Short text fragments from websites:
__________________________________________________

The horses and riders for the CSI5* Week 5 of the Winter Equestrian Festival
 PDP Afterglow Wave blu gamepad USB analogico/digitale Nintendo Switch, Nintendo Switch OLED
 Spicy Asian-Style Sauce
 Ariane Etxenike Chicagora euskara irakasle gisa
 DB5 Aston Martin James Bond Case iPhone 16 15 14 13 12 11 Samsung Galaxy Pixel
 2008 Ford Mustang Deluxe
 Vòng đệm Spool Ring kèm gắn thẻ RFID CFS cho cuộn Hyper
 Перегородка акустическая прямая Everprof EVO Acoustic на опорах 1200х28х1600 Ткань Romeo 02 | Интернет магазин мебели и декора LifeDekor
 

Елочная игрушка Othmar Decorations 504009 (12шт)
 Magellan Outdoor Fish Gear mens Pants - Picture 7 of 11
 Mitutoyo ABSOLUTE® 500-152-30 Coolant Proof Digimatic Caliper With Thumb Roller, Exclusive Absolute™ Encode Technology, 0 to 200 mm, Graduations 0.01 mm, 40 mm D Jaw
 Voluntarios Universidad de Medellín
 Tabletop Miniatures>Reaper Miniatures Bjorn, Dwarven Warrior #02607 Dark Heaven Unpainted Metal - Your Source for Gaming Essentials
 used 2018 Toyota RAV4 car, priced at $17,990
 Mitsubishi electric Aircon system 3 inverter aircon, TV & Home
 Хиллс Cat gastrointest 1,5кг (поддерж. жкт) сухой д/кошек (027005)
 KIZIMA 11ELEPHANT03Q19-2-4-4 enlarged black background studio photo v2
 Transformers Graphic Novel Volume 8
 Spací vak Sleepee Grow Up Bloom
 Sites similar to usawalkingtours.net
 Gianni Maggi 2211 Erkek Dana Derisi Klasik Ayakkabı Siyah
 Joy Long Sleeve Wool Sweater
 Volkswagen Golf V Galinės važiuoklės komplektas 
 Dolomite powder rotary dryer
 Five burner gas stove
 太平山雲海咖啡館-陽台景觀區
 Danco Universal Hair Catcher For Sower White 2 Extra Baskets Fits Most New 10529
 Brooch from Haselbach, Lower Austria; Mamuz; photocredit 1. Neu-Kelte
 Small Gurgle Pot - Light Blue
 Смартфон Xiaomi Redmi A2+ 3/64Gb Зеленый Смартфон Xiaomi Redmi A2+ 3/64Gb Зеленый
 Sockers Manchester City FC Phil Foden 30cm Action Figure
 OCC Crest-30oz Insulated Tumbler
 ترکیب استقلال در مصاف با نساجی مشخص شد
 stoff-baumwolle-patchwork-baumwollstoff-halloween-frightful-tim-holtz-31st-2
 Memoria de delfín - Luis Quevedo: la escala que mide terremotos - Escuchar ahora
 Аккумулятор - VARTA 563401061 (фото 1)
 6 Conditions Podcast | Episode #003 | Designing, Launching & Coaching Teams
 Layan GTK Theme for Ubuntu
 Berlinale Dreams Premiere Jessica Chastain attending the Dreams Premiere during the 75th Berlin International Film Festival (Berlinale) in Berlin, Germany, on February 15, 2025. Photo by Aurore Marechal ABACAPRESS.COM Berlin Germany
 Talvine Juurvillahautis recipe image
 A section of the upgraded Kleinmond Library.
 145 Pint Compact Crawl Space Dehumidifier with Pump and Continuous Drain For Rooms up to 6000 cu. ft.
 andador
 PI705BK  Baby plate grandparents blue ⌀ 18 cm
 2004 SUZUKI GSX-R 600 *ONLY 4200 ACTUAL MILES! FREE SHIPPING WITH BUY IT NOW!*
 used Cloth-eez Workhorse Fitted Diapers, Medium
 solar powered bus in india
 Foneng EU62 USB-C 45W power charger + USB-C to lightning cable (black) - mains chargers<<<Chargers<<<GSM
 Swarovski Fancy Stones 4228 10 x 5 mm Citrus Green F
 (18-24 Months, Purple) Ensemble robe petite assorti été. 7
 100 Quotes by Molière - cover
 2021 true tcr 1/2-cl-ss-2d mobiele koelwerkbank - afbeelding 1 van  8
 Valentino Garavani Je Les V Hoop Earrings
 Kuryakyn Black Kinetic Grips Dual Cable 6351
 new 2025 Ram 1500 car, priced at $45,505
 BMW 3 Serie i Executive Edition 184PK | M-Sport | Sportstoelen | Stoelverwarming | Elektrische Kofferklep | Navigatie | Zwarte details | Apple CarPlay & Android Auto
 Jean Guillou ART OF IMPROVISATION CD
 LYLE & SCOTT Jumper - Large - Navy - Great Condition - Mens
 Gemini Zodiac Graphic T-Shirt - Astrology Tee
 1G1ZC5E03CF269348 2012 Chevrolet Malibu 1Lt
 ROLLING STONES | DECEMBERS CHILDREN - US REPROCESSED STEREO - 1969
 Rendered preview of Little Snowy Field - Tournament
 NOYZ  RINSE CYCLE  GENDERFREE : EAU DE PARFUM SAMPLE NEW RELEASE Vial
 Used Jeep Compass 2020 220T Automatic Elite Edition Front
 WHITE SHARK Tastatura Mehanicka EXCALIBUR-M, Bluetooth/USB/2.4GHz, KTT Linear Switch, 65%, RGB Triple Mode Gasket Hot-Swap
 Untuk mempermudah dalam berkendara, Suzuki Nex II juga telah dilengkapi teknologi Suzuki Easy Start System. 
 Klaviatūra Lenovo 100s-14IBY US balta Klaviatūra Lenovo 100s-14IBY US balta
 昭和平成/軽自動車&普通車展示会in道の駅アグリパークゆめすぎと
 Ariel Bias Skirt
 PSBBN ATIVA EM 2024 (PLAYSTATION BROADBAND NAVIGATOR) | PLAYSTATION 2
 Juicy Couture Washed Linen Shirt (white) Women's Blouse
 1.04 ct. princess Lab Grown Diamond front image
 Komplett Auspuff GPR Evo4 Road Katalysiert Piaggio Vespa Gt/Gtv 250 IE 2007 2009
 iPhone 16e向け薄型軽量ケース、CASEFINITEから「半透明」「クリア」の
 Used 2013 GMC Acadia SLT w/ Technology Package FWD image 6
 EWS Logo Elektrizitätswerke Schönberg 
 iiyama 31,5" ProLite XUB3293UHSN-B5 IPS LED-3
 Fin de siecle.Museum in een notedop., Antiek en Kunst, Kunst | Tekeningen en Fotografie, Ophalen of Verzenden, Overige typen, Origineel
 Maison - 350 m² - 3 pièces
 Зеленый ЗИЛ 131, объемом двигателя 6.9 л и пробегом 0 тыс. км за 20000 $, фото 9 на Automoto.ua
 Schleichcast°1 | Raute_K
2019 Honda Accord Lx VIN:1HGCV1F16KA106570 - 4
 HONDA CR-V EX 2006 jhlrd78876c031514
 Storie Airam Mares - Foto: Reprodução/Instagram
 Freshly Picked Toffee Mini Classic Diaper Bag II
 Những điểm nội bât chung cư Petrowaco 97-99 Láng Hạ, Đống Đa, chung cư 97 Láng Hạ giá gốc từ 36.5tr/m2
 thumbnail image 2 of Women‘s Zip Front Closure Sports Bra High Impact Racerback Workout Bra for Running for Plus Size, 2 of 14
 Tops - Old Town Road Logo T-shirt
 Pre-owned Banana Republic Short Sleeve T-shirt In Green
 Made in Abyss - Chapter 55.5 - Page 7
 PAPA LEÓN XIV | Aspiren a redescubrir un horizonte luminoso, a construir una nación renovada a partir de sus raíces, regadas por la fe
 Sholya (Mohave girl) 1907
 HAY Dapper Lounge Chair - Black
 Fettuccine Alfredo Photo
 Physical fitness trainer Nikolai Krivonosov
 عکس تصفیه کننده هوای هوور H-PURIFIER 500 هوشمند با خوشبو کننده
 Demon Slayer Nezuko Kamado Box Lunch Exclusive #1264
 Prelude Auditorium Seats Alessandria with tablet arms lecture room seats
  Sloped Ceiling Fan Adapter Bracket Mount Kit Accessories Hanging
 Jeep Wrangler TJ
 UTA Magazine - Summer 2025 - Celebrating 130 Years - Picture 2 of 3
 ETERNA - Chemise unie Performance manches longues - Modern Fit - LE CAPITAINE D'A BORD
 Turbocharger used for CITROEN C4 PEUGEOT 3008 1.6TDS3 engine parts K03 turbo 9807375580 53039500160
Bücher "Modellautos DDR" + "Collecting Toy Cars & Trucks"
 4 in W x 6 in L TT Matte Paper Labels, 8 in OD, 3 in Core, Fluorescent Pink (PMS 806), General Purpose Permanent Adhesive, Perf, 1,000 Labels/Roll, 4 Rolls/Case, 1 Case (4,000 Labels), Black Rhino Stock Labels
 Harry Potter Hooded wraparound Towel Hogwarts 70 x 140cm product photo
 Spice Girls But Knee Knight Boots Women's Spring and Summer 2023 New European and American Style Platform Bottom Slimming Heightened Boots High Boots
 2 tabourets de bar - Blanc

__________________________________________________

Would you retype exactly the lines above, from the line with "new 2025 Ram 1500 car, priced at $45,505" to the line with "1G1ZC5E03CF269348 2012 Chevrolet Malibu 1Lt", with both end lines kept and nothing more?

 new 2025 Ram 1500 car, priced at $45,505
 BMW 3 Serie i Executive Edition 184PK | M-Sport | Sportstoelen | Stoelverwarming | Elektrische Kofferklep | Navigatie | Zwarte details | Apple CarPlay & Android Auto
 Jean Guillou ART OF IMPROVISATION CD
 LYLE & SCOTT Jumper - Large - Navy - Great Condition - Mens
 Gemini Zodiac Graphic T-Shirt - Astrology Tee
 1G1ZC5E03CF269348 2012 Chevrolet Malibu 1Lt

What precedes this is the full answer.